The CCJ And The Death Penalty

Published: 
Sunday, May 19, 2013
Source: Trinidad Guardian


Last week in the Senate an interesting exchange took place between Attorney General Anand Ramlogan and some PNM senators during the period set aside for questions to ministers. The essence of the argument was that the Attorney General indicated that he could prepare a draft bill within 48 hours on the death penalty. 

He then challenged the PNM senators to state for the record whether they would be willing to support the abolition of appeals to the Privy Council on criminal matters only and to substitute the Caribbean Court of Justice (CCJ) as the final court of appeal for criminal matters only. There was no response from the PNM senators on this point and so the issue ended in a stalemate.  

However, what emerged was that the Government is still committed to the idea of having the Judicial Committee of the Privy Council replaced by the CCJ as the final court of appeal for criminal matters, while simultaneously moving forward with an amendment to the Constitution to oust the jurisdiction of the court from challenging the constitutionality of the death penalty.

In order to accomplish all of this, such legislation would require a three-fourths majority in the House and a two-thirds majority in the Senate. The last time that the capital punishment legislation was brought to the House, in February 2011, the Opposition PNM did not support it and the bill died at that stage.

The matter was recently revived by the Prime Minister when she indicated at a UNC Monday Night Forum in Barataria some weeks ago that she was prepared to bring that legislation back to Parliament. The Attorney General has now revived the earlier proposal for the substitution of criminal jurisdiction of the Privy Council with the CCJ. The heart of the story lies in the approach that has been adopted by the Privy Council over the years in respect of the death penalty in the Commonwealth Caribbean. 

Since it was established that the death penalty is indeed a proper form of constitutional punishment in the case of De Freitas v Benny (1976)AC 239 where Michael de Freitas, also known as Michael Abdul Malik, had his death sentence confirmed on the ground that it was not “cruel and unusual punishment” to hang him for the murder of British socialite Gale Ann Benson at Christina Gardens in Arima, there have been twists and turns over the years. 

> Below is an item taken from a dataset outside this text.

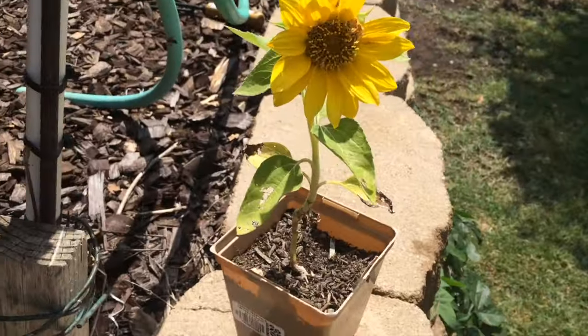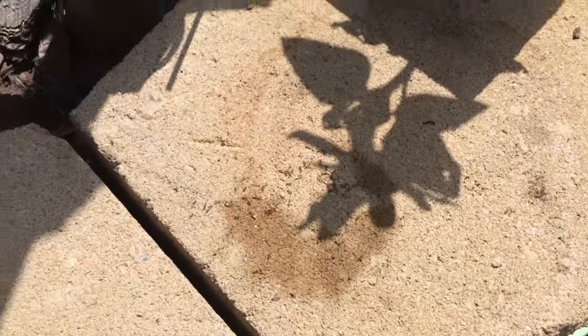So here are the ants. They were under this sunflower. There must have been something under there because they're really going at it. But this is a perfect opportunity to show you that it does work on ants.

Coming out of that same murder, Stanley Abbott had had his death sentence confirmed in the case of Abbott v Attorney General (1979)1WLR 1342 where Lord Diplock set aside the issue of delay of execution measured in months, owing to the transition of T&T from monarchical to republican status in 1976. However, he left open the issue of delay of execution measured in years and that would prove to be a game-changer for the death-penalty debate in years to come.

In 1982, the Privy Council divided three-two in favour of carrying out the death penalty in the Jamaican case of Riley and Others v Attorney General (1982)35 WIR 279 whereby the issue of delay of execution measured in years was not overcome by the human-rights issue of delay of execution rendering invalid the actual execution itself thereby making it “inhuman and degrading punishment.”

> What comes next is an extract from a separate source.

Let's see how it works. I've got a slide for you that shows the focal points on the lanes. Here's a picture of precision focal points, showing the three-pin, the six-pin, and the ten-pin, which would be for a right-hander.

Lords Diplock, Hailsham and Bridge were in the majority, while Lords Scarman and Brightman were in the minority. Some 11 years later, in the landmark case of Pratt and Another v Attorney General of Jamaica (1993)43 WIR 340 the Privy Council accepted the argument of delay of execution as rendering the death sentence unconstitutional if it is not carried out within five years of the sentencing date.

By this time, Lords Diplock and Hailsham had left the bench and some less-conservative judges had been appointed to the British House of Lords as Law Lords. This ushered in an era of abolitionist judges as members of judicial panels who were prepared to adopt an approach that placed them at loggerheads with Commonwealth Caribbean governments on the issue of the death penalty.

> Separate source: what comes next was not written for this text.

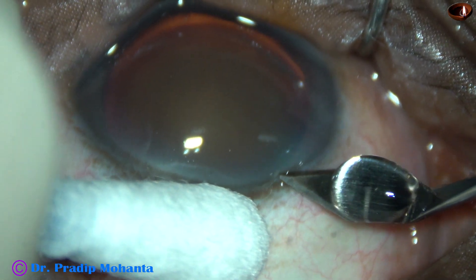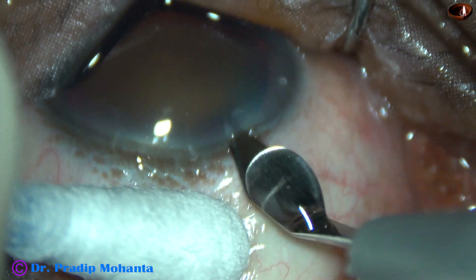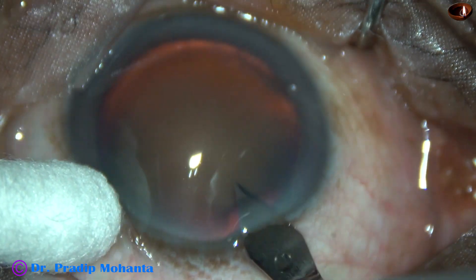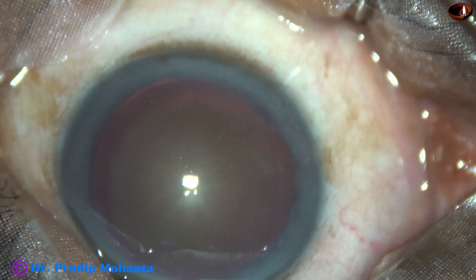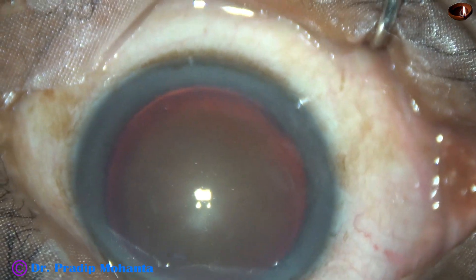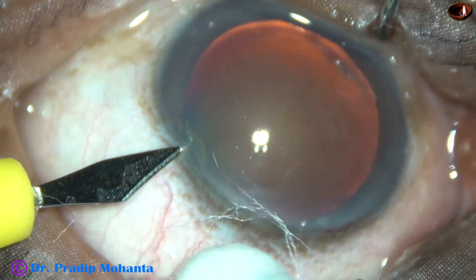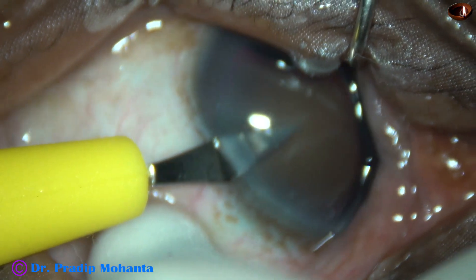This is the main incision with a 2.8 mm steel keratome at around 11 o'clock. A side port is made on the left side of the main incision, about 3 clock hours away, at around 2 o'clock.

Several cases were quite controversially decided that raised issues of whether this was “judicial politics” at work as opposed to the application of existing law. One of them was the Guerra v Baptiste case (1996)1 AC 397 from T&T, which admonished the State for trying to carry out the execution of Lincoln Guerra too swiftly for the murder of Leslie Ann Girod and her baby in Wallerfield.

By 2000, the Jamaican case of Lewis v Attorney General (2001)2 AC 50 constructively abolished the death penalty in the region when the Privy Council held that the decisions of the Mercy Committee were now reviewable, which overturned the ruling in De Freitas v Benny, that states must now await the responses of international human-rights bodies on petitions of reprieve before carrying out executions, and that prison conditions must be taken into account.

Other controversies have arisen over mandatory and discretionary sentencing. However, the death penalty remains in limbo, with the Privy Council precedents holding firm.